В мае 1926 года в «Севкавкниге» выходит авторский сборник Фадеева «Большевики» — глава из «Разлива», глава из «Разгрома», рассказ «Против течения».
Летом он дописывает «Разгром» на даче под Нальчиком.
Ростовский период Фадеев вспоминал как один из самых счастливых. Не в одном Ростове, наверное, дело — просто сам он был молод, активен, на подъеме. Это был чуть ли не единственный период в его жизни, когда он гармонично сочетал оба своих призвания — писательское и общественное, когда всё получалось. Писал «Разгром», занимался партийной работой, был «литфункционером» (без уничижительного оттенка) — и одно только помогало другому. Не так будет потом.

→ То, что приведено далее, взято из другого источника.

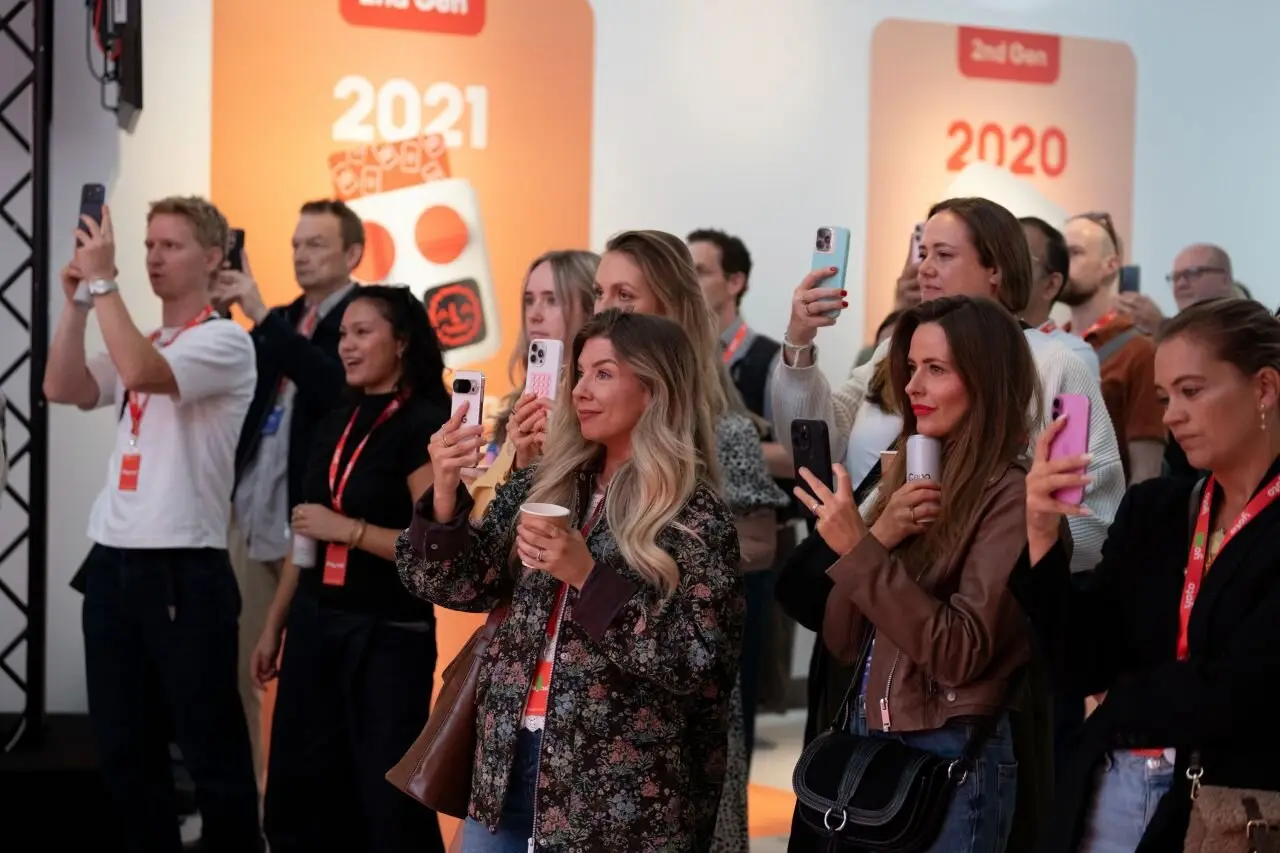 Yoto PlayDate London 2026, event photograph 4 of 7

Да и в личной жизни все тогда складывалось прекрасно. В 1925-м Фадеев и Герасимова поженились.
Револьвер, если он действительно хранил его с Гражданской, спал в кобуре. Ружье висело на стенке и стрелять еще не собиралось.
Вскоре Фадеев возвращается в Москву. Его командируют в распоряжение ЦК для работы в правлении РАППа[174] — Российской ассоциации пролетарских писателей.
В это же время, осенью 1926 года, Фадеев заканчивает «Разгром». Он выйдет в 1927 году отдельной книгой в ленинградском издательстве «Прибой» и будет иметь громкий успех. Только колючий Осип Брик напишет отрицательную рецензию — тоже своего рода реклама.
Фадеева избирают оргсекретарем РАППа, вводят в бюро правления ассоциации.
Он еще хранит кавказский облик. Анна Караваева[175] познакомилась с Фадеевым вскоре после его возвращения с юга: «Черная „кавказская“ рубашка с высоким воротником (несмотря на летнюю жару!), узкий кожаный пояс с серебряными насечками, отлично подогнанные военные сапоги… Лицо его, словно еще недовылепленное, было так худощаво, что на запавших ямками щеках, как тончайший дымок, темнела тень, когда он поворачивал голову. Русые волосы лежали на ней неровно и даже слегка торчали, как мягкие иглы, — наверно, по привычке он частенько прочесывал их худой рукой».
Любуется. Им многие любовались.
Вскоре Фадеев перевозит из Приморья в Москву мать, затем — сестру с ребенком.
Ему двадцать пять. Он молод, но уже зрел. Вдохновенен и многообещающ. Ему всё удается. Позади — целая жизнь, впереди — тоже целая жизнь, которая, конечно, будет долгой и счастливой.